To view the content of a file into the shell. more is especially primitive.

Command

more mon_fichier

Will show the content of mon_fichier into the shell.

Advanced file viewing less

Display the content of a file into a session with more features than more.

Command

less mon_fichier

Will show the content of mon_fichier into an instance.

Text editor vi

To read, write and edit a file a bit like a notepad in windows. They are a lot of text editor under LINUX: my favorite is vi (vim is its improved version), nano is also very popular.

Command

vi mon_fichier

Will load a text editor session to edit mon_fichier. By default, vi only allow you to read a file.

You must exit insert mode to execute commands which are not text typing.

Note : if mon_fichier don't exist at the moment I enter the command, then vi will create this file.

echo

This command is useful associated with other commands because it returns its input as a text which can be interpreted by the shell.

Command

To return a shell string "coucou".

echo “coucou”

Output

coucou

Autre exemple

To return the name of a file mon_fichier as a string.

echo mon_fichier

Output

mon_fichier

Concatenate cat

To concatenate files together.

Command

cat mon_fichier

Will show content of mon_fichier into the shell.

Concatenate 2 files together

Merge and print contents of mon_fichier1 and mon_fichier2 into the shell.

cat mon_fichier1 mon_fichier2

Merge and print contents of mon_fichier2 and mon_fichier1 into the shell.

cat mon_fichier2 mon_fichier1

Word Count wc

Print number of words into a file.

Command

wc mon_fichier

Output

1    2    3 mon_fichier

Will print the number of rows (newline), number of words and number of characters for the file mon_fichier. Here, mon_fichier counts 1 row, 2 words and 3 characters. (a first word with 1 character and a second word with 2 characters.)

Count lines for a file

The option -l print only the newline counts.

wc -l mon_fichier

Output

The mon_fichier counts only one line.

1

Count words for a file

The option -w print only the word counts.

wc -w mon_fichier

Output

2

Count characters for a file

The option -c print only character counts.

wc -c mon_fichier

Output

3

Combine commands together

Most of LINUX programs are designed under the principle "Do one thing and do it well". For instance, ls print list of files into a directory and wc counts number of newlines or words for an input.

We can resume a program as something as basic as:

input → program → output

For instance :

ls .

ouput :

fichier1 fichier2 fichier3

This command prints a list of 3 files into my current working directory.

Now let's combine 2 programs together using |
ls . | wc -w

ouput :

3

note: ; set the end of a command. You can use indifferently newlines or ;.

For example
echo “coucou” > coucou.txt ; more coucou.txt

output :

coucou

I wrote the output of echo inside a file called coucou.txt.

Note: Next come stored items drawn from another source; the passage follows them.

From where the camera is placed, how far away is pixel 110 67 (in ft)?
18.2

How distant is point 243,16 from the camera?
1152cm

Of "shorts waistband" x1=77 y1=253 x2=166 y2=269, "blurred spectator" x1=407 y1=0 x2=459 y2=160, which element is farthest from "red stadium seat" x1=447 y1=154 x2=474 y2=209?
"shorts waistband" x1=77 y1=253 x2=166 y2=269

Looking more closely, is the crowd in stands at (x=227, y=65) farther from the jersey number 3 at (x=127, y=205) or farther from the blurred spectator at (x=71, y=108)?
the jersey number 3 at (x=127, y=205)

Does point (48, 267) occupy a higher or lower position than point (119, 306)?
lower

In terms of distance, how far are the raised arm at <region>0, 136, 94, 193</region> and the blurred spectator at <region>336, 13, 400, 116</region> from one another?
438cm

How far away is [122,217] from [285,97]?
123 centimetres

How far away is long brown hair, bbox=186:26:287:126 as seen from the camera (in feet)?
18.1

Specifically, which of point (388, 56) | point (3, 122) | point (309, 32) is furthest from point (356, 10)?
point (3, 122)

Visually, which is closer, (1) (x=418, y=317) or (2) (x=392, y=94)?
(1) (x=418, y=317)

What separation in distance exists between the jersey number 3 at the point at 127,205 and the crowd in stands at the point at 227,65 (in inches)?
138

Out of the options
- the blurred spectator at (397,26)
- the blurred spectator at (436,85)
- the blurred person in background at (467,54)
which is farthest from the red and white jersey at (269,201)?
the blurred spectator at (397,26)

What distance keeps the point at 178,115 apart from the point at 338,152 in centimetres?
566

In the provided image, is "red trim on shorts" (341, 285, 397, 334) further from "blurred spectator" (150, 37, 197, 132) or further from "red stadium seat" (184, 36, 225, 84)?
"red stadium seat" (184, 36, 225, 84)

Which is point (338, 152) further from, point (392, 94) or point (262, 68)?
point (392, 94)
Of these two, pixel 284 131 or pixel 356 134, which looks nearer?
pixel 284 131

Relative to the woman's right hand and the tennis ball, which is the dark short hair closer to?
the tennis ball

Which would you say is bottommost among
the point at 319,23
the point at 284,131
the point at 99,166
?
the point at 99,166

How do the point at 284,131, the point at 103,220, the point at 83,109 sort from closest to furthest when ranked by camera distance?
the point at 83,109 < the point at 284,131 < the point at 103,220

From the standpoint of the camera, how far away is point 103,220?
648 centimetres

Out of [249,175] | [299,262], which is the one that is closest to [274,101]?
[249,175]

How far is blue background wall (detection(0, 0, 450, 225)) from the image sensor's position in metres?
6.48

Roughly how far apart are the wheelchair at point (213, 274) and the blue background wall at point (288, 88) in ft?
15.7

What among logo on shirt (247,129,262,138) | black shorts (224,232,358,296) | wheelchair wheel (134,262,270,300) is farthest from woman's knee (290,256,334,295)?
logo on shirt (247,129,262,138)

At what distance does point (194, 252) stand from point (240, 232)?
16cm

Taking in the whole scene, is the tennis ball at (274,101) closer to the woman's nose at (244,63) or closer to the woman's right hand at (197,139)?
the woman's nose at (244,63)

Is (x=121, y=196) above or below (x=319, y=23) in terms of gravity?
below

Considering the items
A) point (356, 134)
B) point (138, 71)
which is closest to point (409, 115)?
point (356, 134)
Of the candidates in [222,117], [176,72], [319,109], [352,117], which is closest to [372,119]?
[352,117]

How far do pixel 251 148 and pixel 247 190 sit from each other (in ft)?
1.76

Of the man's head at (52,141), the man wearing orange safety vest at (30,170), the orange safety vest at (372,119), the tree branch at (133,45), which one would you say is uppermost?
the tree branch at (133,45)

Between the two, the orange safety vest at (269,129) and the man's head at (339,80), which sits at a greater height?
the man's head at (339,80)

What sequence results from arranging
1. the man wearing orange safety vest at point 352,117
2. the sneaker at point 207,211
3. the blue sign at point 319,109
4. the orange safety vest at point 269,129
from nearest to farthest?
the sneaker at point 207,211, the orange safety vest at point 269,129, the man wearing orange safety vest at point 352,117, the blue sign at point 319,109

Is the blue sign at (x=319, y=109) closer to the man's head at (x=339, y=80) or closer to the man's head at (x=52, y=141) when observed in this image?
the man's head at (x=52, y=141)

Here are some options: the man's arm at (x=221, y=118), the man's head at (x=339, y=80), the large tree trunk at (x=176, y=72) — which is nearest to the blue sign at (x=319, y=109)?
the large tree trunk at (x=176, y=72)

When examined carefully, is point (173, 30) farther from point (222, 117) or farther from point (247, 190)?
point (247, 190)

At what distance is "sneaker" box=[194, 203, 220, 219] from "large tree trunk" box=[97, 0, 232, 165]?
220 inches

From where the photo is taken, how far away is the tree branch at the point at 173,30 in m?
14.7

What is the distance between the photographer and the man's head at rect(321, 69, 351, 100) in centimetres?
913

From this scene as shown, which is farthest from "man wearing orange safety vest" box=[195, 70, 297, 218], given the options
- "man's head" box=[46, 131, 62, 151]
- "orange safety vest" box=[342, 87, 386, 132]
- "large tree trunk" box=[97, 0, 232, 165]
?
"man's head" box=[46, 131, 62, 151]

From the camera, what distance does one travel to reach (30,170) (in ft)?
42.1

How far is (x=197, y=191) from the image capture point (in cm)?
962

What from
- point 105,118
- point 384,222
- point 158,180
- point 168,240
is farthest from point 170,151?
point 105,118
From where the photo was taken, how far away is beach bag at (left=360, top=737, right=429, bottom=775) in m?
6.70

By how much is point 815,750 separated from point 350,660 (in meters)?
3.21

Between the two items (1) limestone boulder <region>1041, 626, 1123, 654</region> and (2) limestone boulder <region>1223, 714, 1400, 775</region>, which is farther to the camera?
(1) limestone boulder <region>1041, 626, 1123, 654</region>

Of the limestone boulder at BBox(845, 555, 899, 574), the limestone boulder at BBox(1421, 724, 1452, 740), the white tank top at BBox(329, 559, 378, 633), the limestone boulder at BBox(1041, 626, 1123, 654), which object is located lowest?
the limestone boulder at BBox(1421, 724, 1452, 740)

Next, I print the content of this file coucou.txt with more.

Continued from example
cat coucou.txt | wc -c > nombre_carac_coucou.txt
cat coucou.txt nombre_carac_coucou.txt > coucou_nombre.txt
more coucou.txt

output :

coucou
more nombre_carac_coucou.txt

output :

7
more coucou_nombre.txt

output :

coucou
7

note: why 7 characters for "coucou" which actually counts 6 characters ? Well, it is because the program also counted the jumpline as a character. Indeed, I wrote "coucou" but i redirected the output of echo and echo added a new line (it's nicer). So, echo sent to wc the character string coucou\n (with \n the jumpline character).

If you are a perfectionnist, add the option -n to echo:

echo -n "coucou" | wc -c

Thus, echo will not add a jumpline and wc -c will count 6 characters.

This is an example to tell you to remain vigilant about your results, and the behavior of your programs. Take the time to understand them well in order to pick the most appropriate program for what you want to do.